**Extracted material:**
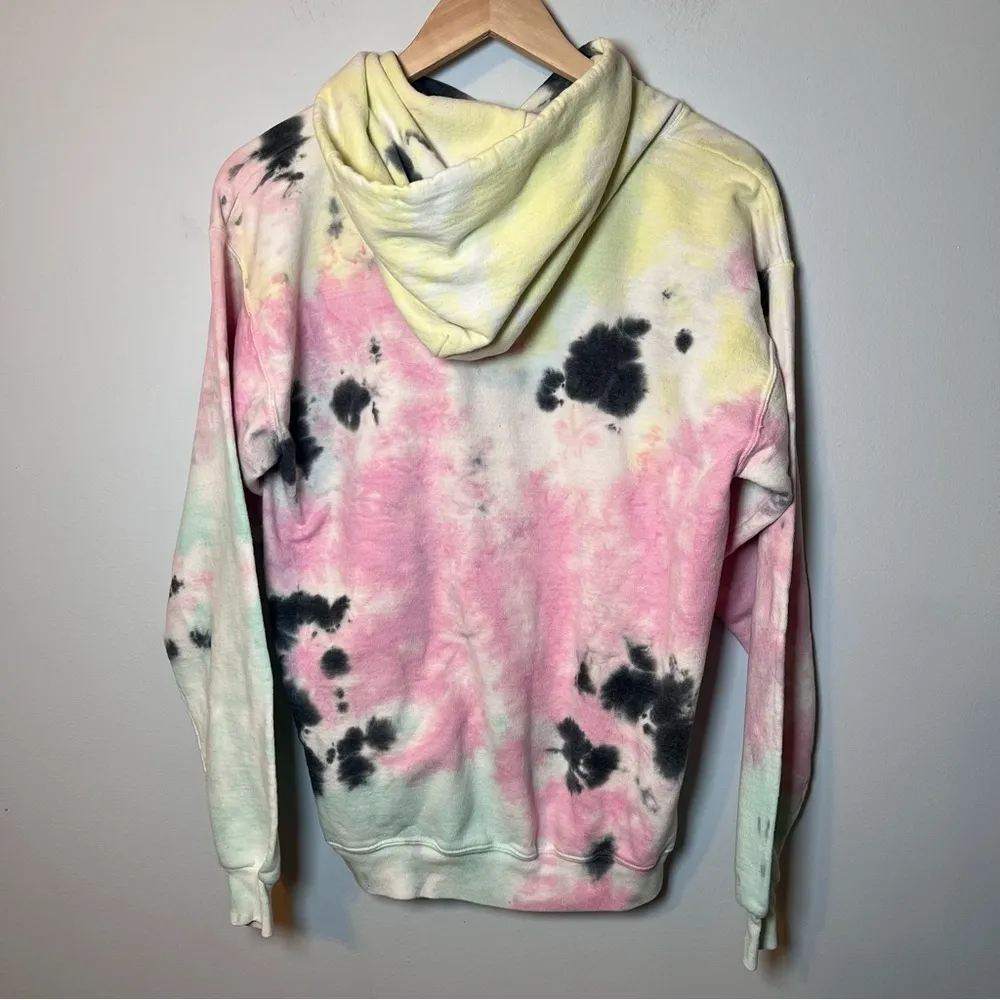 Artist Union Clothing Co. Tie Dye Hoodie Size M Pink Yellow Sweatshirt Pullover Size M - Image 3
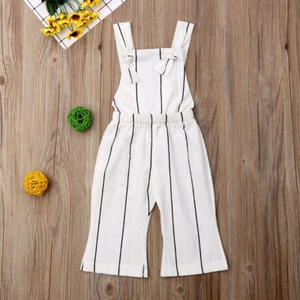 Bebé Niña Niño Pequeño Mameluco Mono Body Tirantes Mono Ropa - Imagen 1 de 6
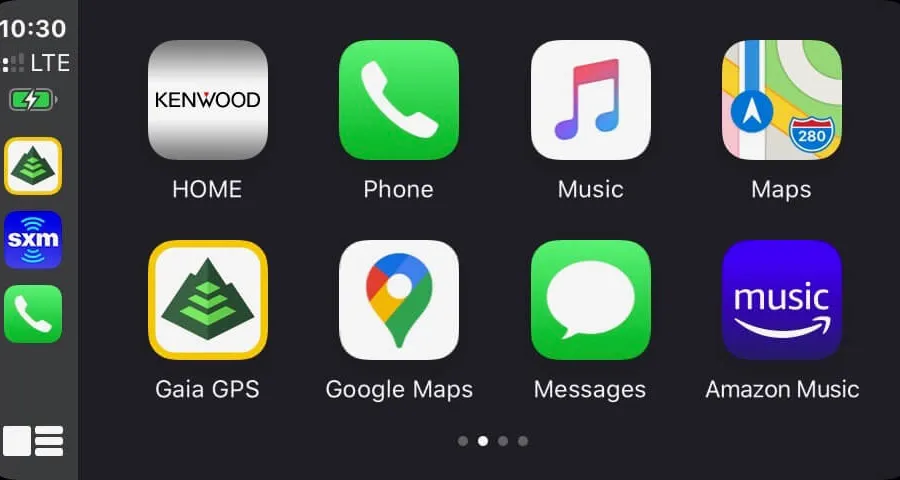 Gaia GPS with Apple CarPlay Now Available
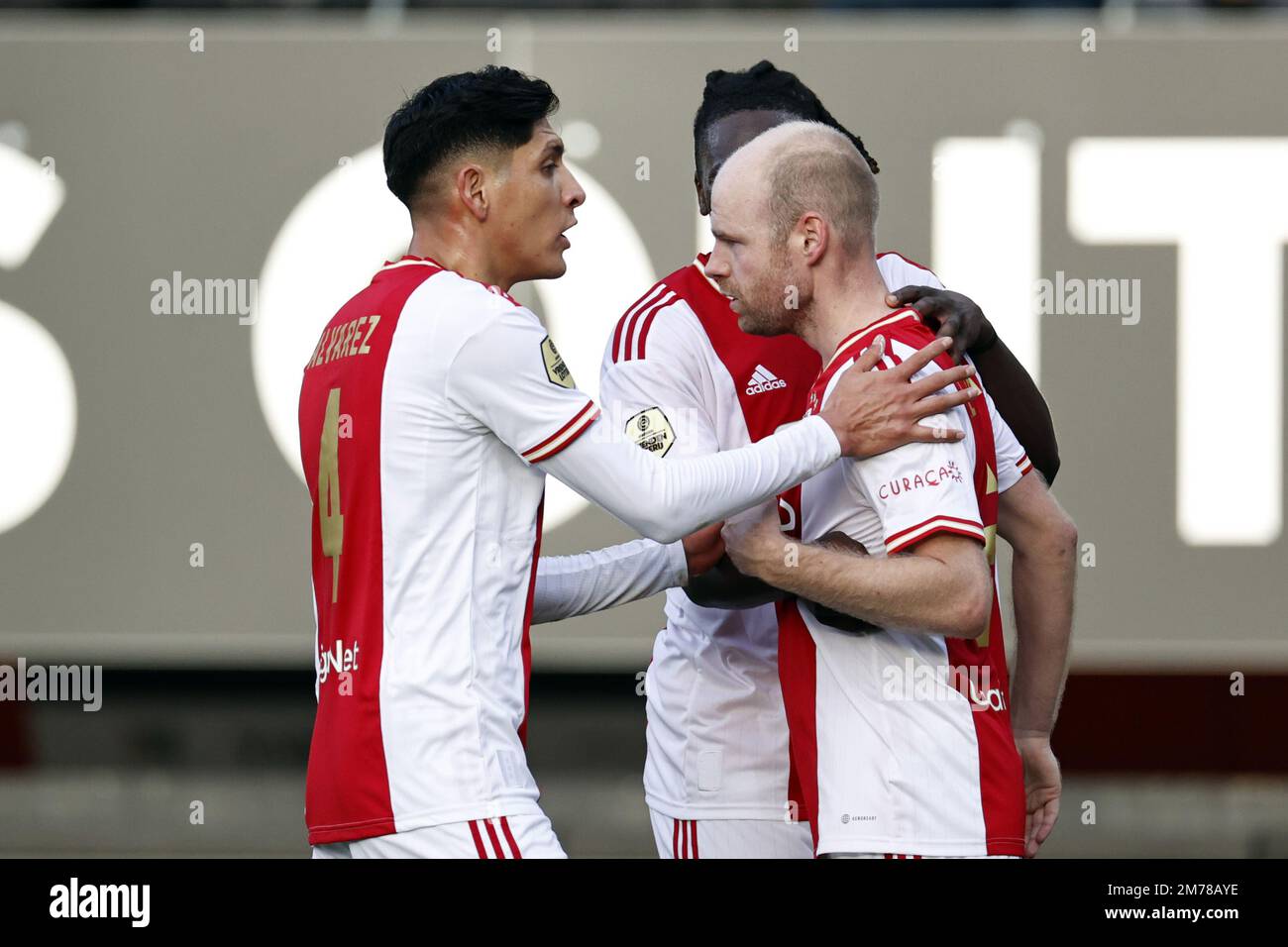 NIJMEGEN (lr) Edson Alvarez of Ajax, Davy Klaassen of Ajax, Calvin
==
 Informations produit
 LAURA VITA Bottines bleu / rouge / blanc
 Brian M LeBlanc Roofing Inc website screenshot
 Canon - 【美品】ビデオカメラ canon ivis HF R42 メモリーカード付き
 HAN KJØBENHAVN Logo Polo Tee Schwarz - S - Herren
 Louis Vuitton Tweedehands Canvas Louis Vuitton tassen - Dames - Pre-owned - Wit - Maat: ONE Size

**What you will do:** From the records above, give again exactly the lines running from the line with "HAN KJØBENHAVN Logo" to the line with "Louis Vuitton Tweedehands", inclusive.

**Answer to this exercise:**
 HAN KJØBENHAVN Logo Polo Tee Schwarz - S - Herren
 Louis Vuitton Tweedehands Canvas Louis Vuitton tassen - Dames - Pre-owned - Wit - Maat: ONE Size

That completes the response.